ストラテジー(Strategy)とは、米国の企業「MicroStrategy(マイクロストラテジー)」が2025年に社名変更して生まれた新しい社名です。主にビットコイン(BTC)の保有・運用を中心とした財務戦略を掲げており、従来のビジネスインテリジェンス(BI)ソフトウェア事業に加えて、暗号資産領域におけるリーダーシップを確立しようとしています。

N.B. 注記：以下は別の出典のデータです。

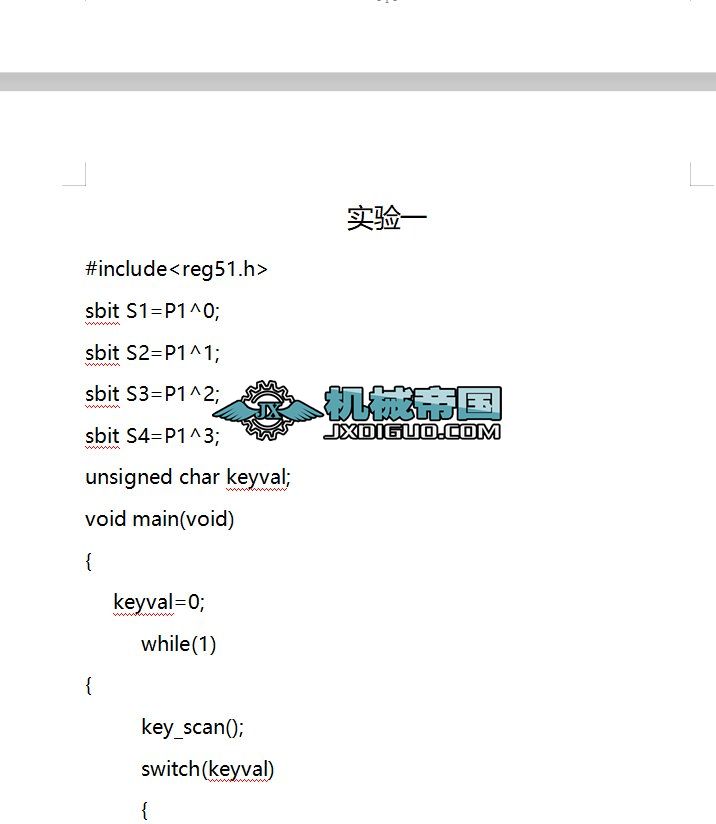 ��ˮ�� ��(sh��)�a�� ���I��(sh��)�(y��n)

ストラテジーは、単なるテクノロジー企業ではなく、ビットコインへの積極的な投資とコミットメントによって、企業価値の向上とデジタル資産の普及を目指す存在として世界中の投資家から注目を集めています。
ここでは、ストラテジーの成り立ち、ビットコイン戦略の詳細、株式市場での位置づけ、そして今後の展望について詳しく解説します。
MicroStrategyからストラテジーへの変遷
ストラテジーの前身であるMicroStrategyは、1989年にマイケル・セイラー(Michael Saylor)によって設立されました。長年にわたりビジネスインテリジェンス(BI)ソフトウェアのリーディングカンパニーとして、企業向けのデータ分析・レポーティングツールを提供してきました。
転機となったのは2020年です。MicroStrategyは、企業のバランスシート上の余剰資金をビットコインに転換するという大胆な決断を下しました。当時のCEOであるマイケル・セイラーは、インフレや法定通貨の価値低下に対するヘッジとして、ビットコインを「デジタルゴールド」と位置づけたのです。
その後もビットコインの購入を継続し、2025年2月にはビットコイン戦略への集中を明確にするため、社名を「Strategy(ストラテジー)」に正式に変更しました。社名変更に合わせて、ビットコインの「B」を象徴するロゴと、オレンジを基調とした新たなブランドデザインを採用しています。
ビットコイン保有戦略の全体像
ストラテジーの最大の特徴は、企業として世界最大規模のビットコイン保有量を誇る点です。2025年時点で約47万BTC(時価約4.5兆円相当)を保有しており、その規模は他の上場企業を大きく凌駕しています。
ビットコインの購入資金は、主に以下の方法で調達されています。
転換社債の発行:ストラテジーは複数回にわたって転換社債を発行し、その調達資金をビットコインの購入に充てています。転換社債は低金利で資金を調達できるため、効率的な手法として活用されています。
株式の追加発行(ATMオファリング):市場で自社株を追加発行して資金を調達し、ビットコインを購入するという戦略も採用しています。これにより、既存株主の持ち分は希薄化しますが、1株あたりのBTC保有量が増加するという効果が期待されています。
BI事業の収益:従来のビジネスインテリジェンス事業から得られるキャッシュフローも、ビットコイン購入の原資の一部となっています。
株式市場での位置づけ
ストラテジーの株式(ティッカー:MSTR)は、NASDAQ市場に上場しており、NASDAQ-100指数にも採用されています。同社の株価は、ビットコイン価格と強い相関関係を持っており、事実上の「ビットコインのレバレッジ投資商品」として機能しています。
ビットコインETFが承認された現在でも、ストラテジーの株式には独自の投資価値があると考えられています。転換社債や株式発行を活用したレバレッジ効果により、ビットコイン価格の上昇局面ではETFを上回るリターンを生み出す可能性がある一方、下落局面ではより大きな損失リスクを伴います。
二本柱の事業モデル
現在のストラテジーは、以下の二つの事業を柱として展開しています。
デジタル資産運用:ビットコインを中心とする暗号資産の保有・管理を行い、その価値の最大化を目指しています。ビットコインは長期保有を前提とし、売却の予定はないとしています。
AI×BIソフトウェア開発:人工知能(AI)を活用した次世代のビジネス分析ツールの開発・提供を続けています。この事業は安定的な収益源として、ビットコイン戦略を支える基盤となっています。
まとめ
ストラテジー(Strategy)は、旧MicroStrategyがビットコイン戦略を強化するために社名変更して生まれた企業です。世界最大規模のビットコイン保有量を誇り、転換社債や株式発行を活用した積極的な購入戦略を展開しています。
従来のBI事業とデジタル資産運用を二本柱に、デジタル経済の未来を先取りする存在として注目されています。ただし、ビットコイン価格との強い相関により、価格変動リスクも大きい点は投資家として理解しておくべきポイントです。